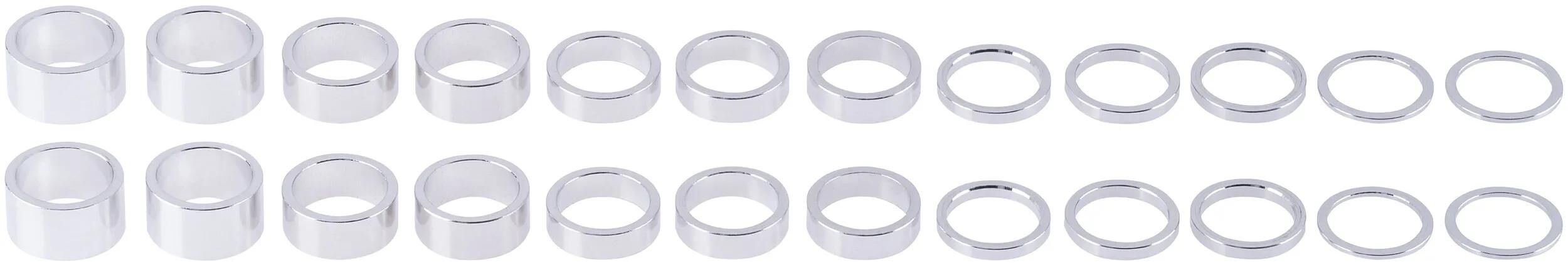 Spacer,Steuerlager,Steuersätze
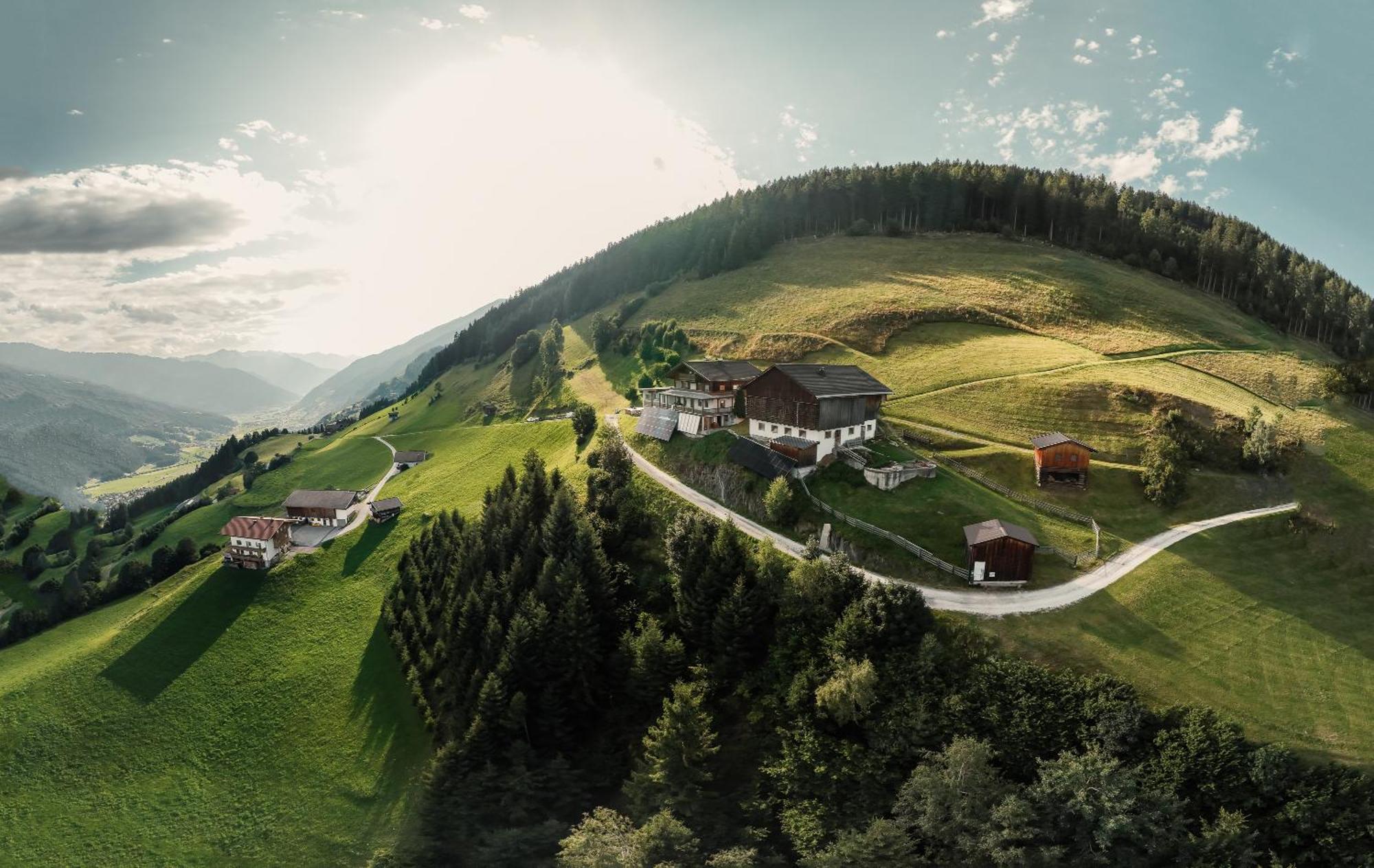 Apartment Peter's - Bergbauernhof Mit Weitblick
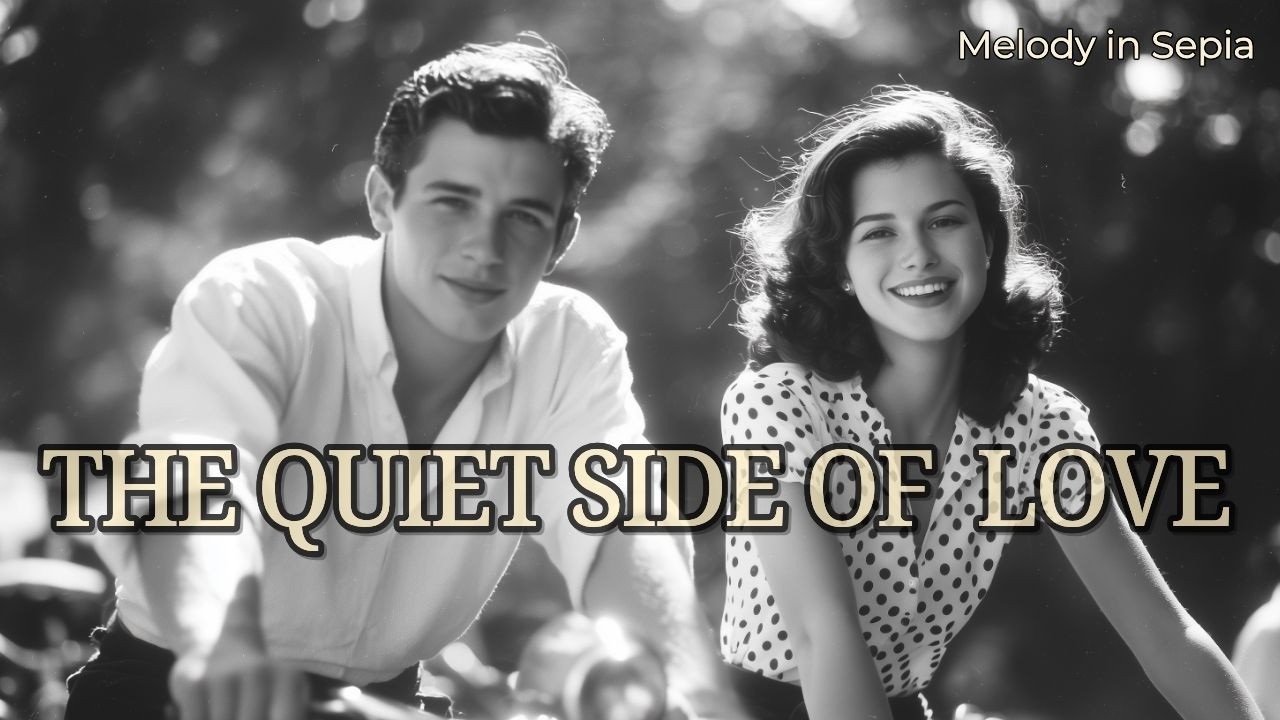 The Quiet Side of Love | 1950s Oldies Love Songs (Vintage American Romance)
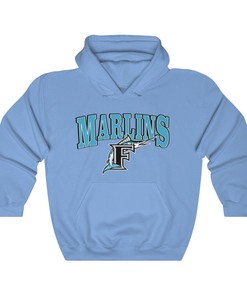 Florida Marlins Vintage 90's MLB Sport Shirt - Franchise Logo Design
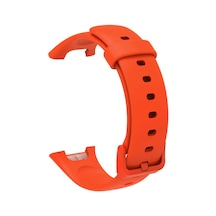 Xiaomi Mi Band 7 Pro Krd-70 Uyumlu Nvth Kordon-turuncu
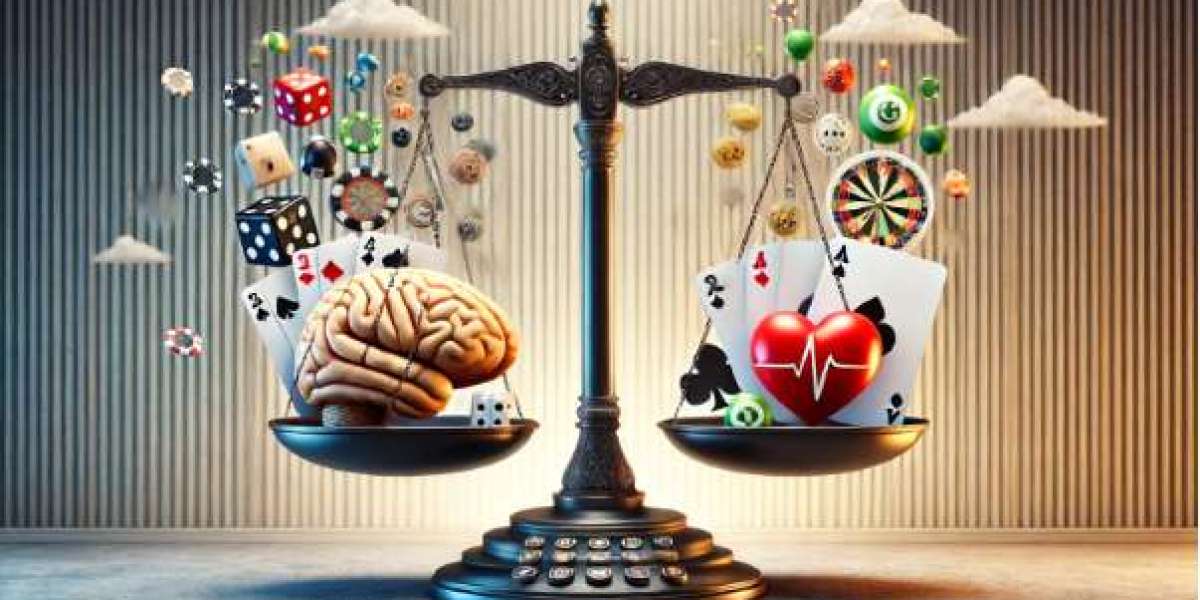 Gambling and Mental Health: Understanding the Impact - Wager Beat Casino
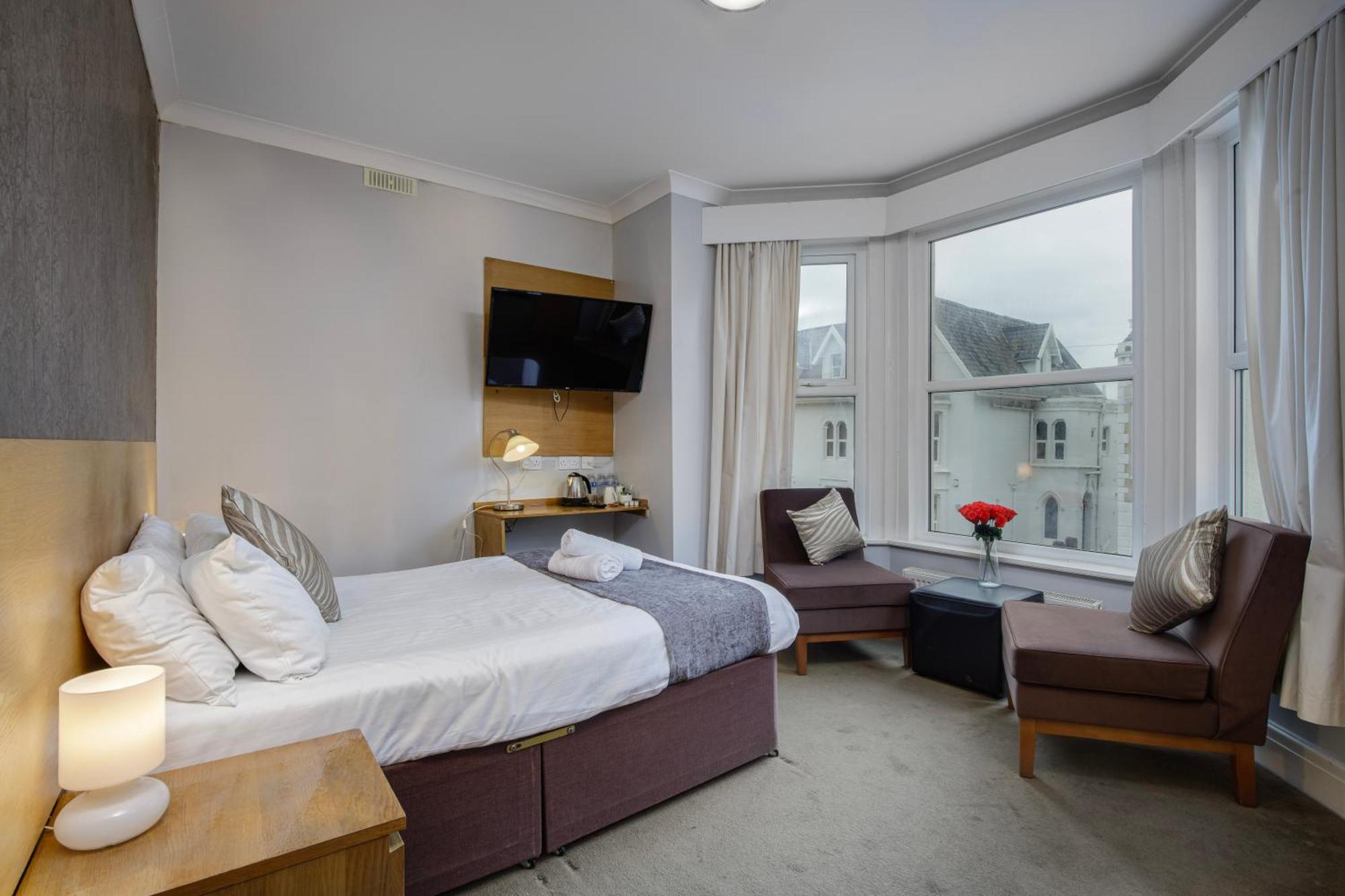 Ashley Victoria Hotel Blackpool Exterior photo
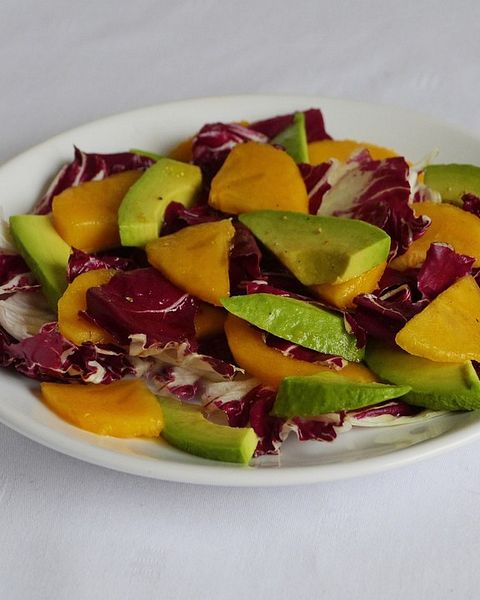 Radicchiosalat Rezepte | Chefkoch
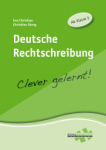 Mathe clever gelernt - Übungen mit Lösungen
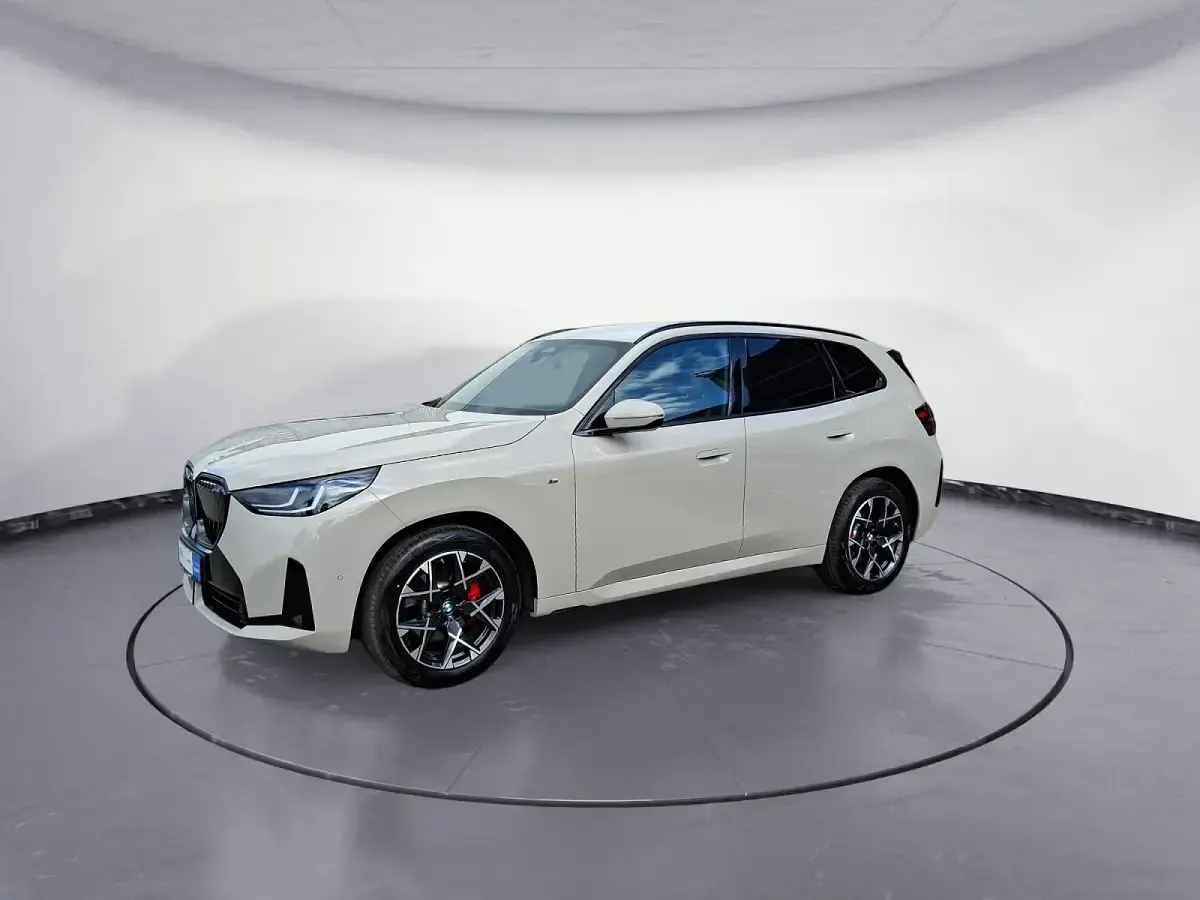 Gebraucht BMW X3 M Sport 208 PS (152 kW) 2025 Grau SUV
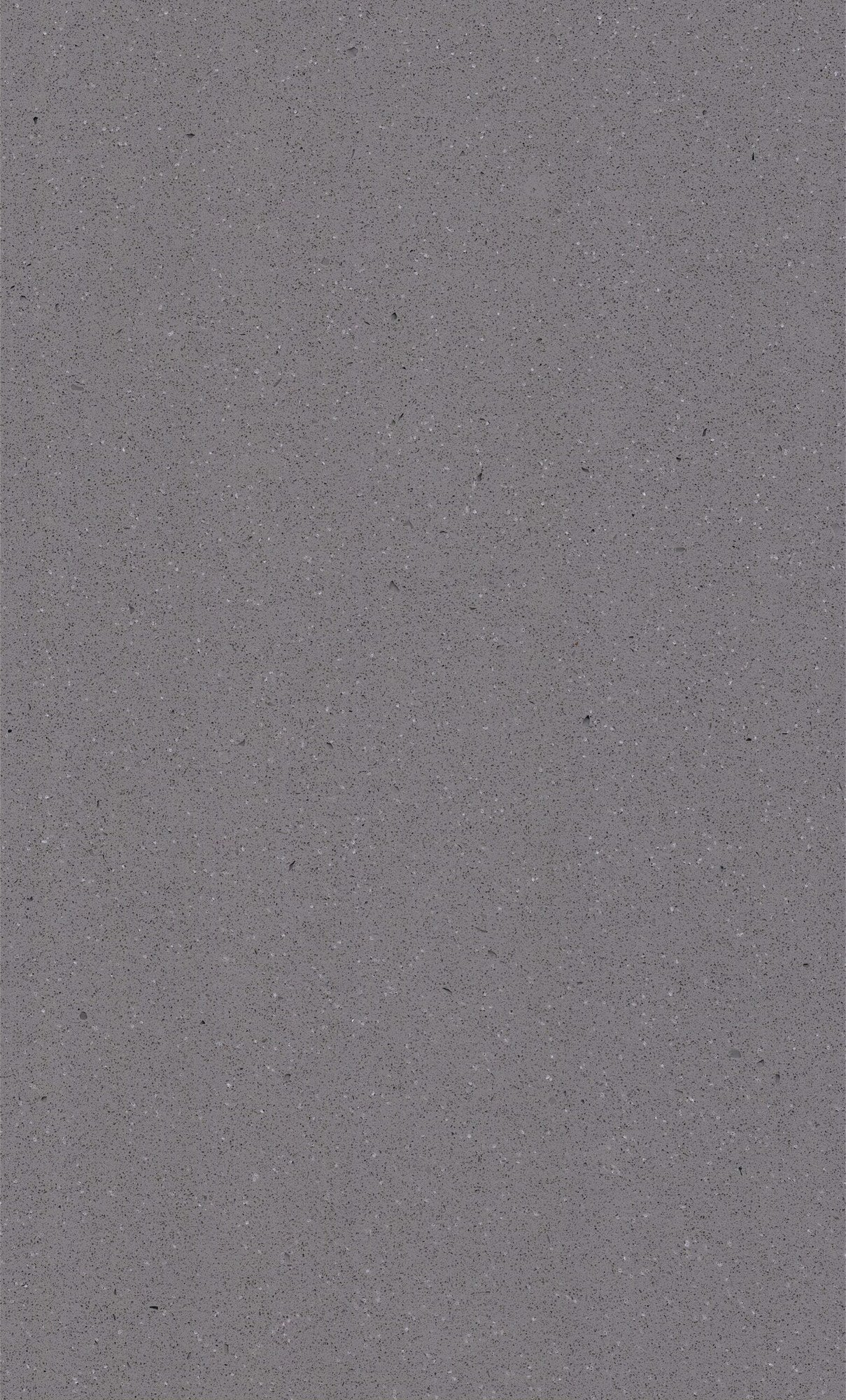 Sleek Cement Lucent Quartz slab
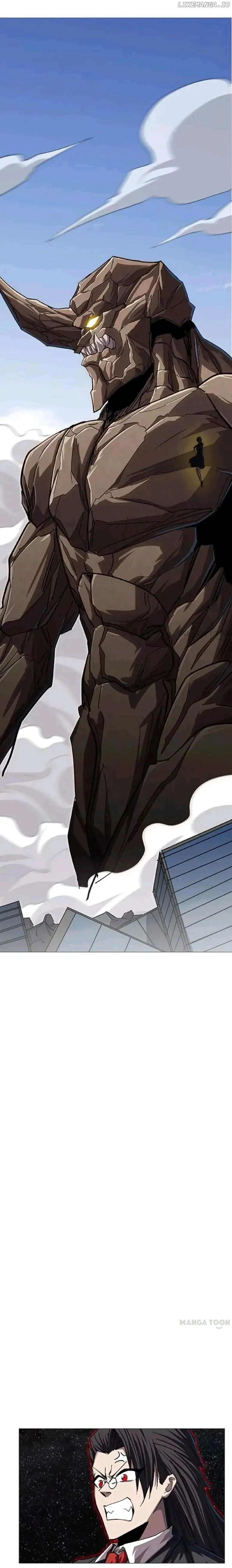 Mr. Zombie Chapter 128 Online - página 19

------

**WHAT THE EXERCISE ASKS**
Output the line that contains "Mathe clever gelernt - Übungen mit Lösungen" and every line after it to the end of the records, word for word, leaving out the pictures.

**RESPONSE TO THIS TASK**
 Mathe clever gelernt - Übungen mit Lösungen
 Gebraucht BMW X3 M Sport 208 PS (152 kW) 2025 Grau SUV
 Sleek Cement Lucent Quartz slab
 Mr. Zombie Chapter 128 Online - página 19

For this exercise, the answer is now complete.